Sir Robert Lorimer (1864–1929), panel design with honeysuckle, birds, fruit and flowers; possibly for a pelmet, c. 1891. Pencil and coloured crayons on wove paper, 380 × 1350 mm.
'The Birds’ Morning Hymn', Sir Robert Lorimer writes to The Times:
At this season of the resurrection of Nature — that ever-fresh miracle — one thing happens that even keen bird-lovers seem hardly to appreciate to the full. I mean the birds’ Morning Hymn. We have all heard vaguely about ‘Bird Song at Dawn,’ and in this busy age it has been recorded on the gramophone under the title of ‘Dawn in an old English Garden,’ and quite a good record it is. But how many people realise that this is a clearly defined performance, a symphony with a beginning, a middle, and an end, that ceases nearly as abruptly as it begins? To hear it to perfection one must be fortunately situated. At this small place in the heart of the country where my weekends are spent, we have, to south and west — surrounding a lawn — a close old shrubbery backed up by a young plantation giving privacy and good shelter, and under this, even in the hardest of weather, the birds seem to find some nourishment that keeps them alive.
What happens then at the nesting season is this. About 20 minutes past 4, one blackbird begins his fluting. He is almost immediately joined by another and another. A whole choir of thrushes quickly follow, then all the small birds, chaffinches and the like, lend their little notes to the chorus, starlings gurgle from the seclusion of some old yews, jackdaws from a hollow tree begin their kuck-kucking, that sound that calls up visions of the flying buttresses of Beauvais, the towers of cathedrals, and all sorts of delectable places. Then the cock pheasant gives his crow and flutter of the wings, an owl hoots, a pair of mating patridges run with their grating cry across the field, wood pigeons coo: in the distance peewits and the curlews’ thrilling notes are heard, and lambs call to their mothers. For 10 to 15 minutes the whole air seems to throb and vibrate with this joyous canticle; then it begins to die down, and by about 10 minutes to 5 there follows for a time what, by contrast, is almost as impressive as the music itself — silence absolute and profound. Blackbirds, thrushes, and others now hop about the lawn. The adjournment for breakfast, the hunt for the early worm, have begun.

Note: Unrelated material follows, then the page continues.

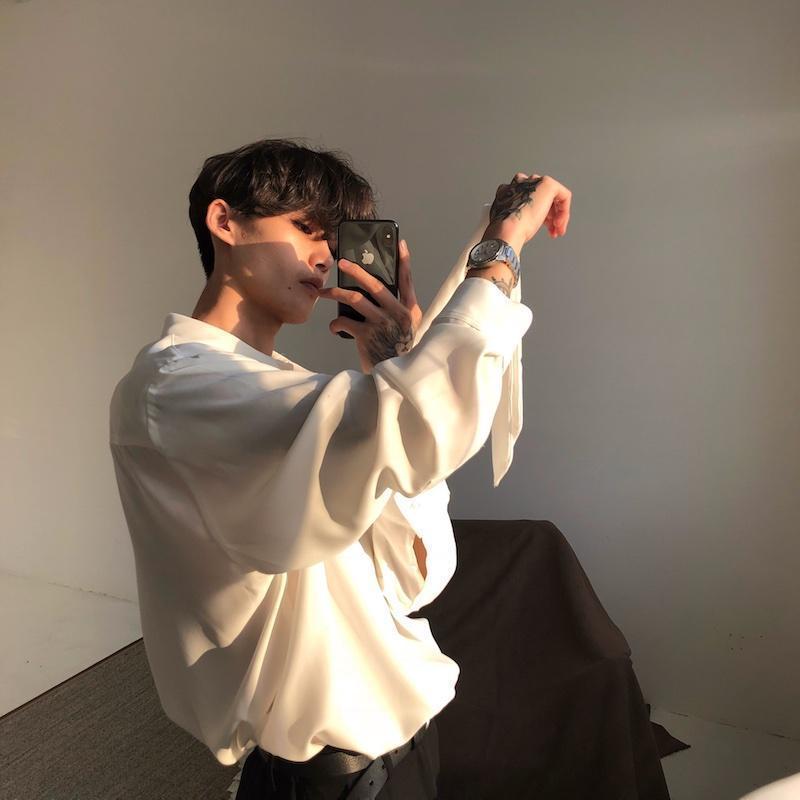 Chiffon Bow Tie Style Shirt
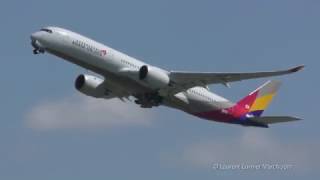 First flight Airbus A350-941 Asiana Airlines HL-8078 msn 094 (4 k resolution)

What makes this ceremonial so inspiring is that it comes before the dawn. Occasionally some level lines of rose or gold are seen through the grey to the east, but the music is definitely over before ‘Heaven puts off her hodden grey for mother-o’-pearl.’ In this connection readers of Stevenson will remember in Travels with a Donkey in the Cevennes that wonderful chapter called ‘A night among the pines,’ and the description of the tremor that seems to pass through old mother earth at this sacred moment. I confess that when I propose to rouse up my weekend guests to listen to what I have been describing the proposal is generally received with a lack of enthusiasm. However, if any readers of The Times who are interested, and who happen to live or spend their weekends near some bird-haunted spinney, can contrive — once in a way — to wake up at half-past 4, I strongly urge them to wrap up in warm dressing-gowns, stand at their open window for five minutes, and they will be rewarded. Their beds will feel the warmer, their subsequent dreams will be the sweeter, for the rare experience.
Gibliston, Kilconquhar, Fife, April 18, 1929
– Sir Robert Lorimer, excerpted from Christopher Hussey, The Work of Sir Robert Lorimer (London: Country Life: 1931), 3–4.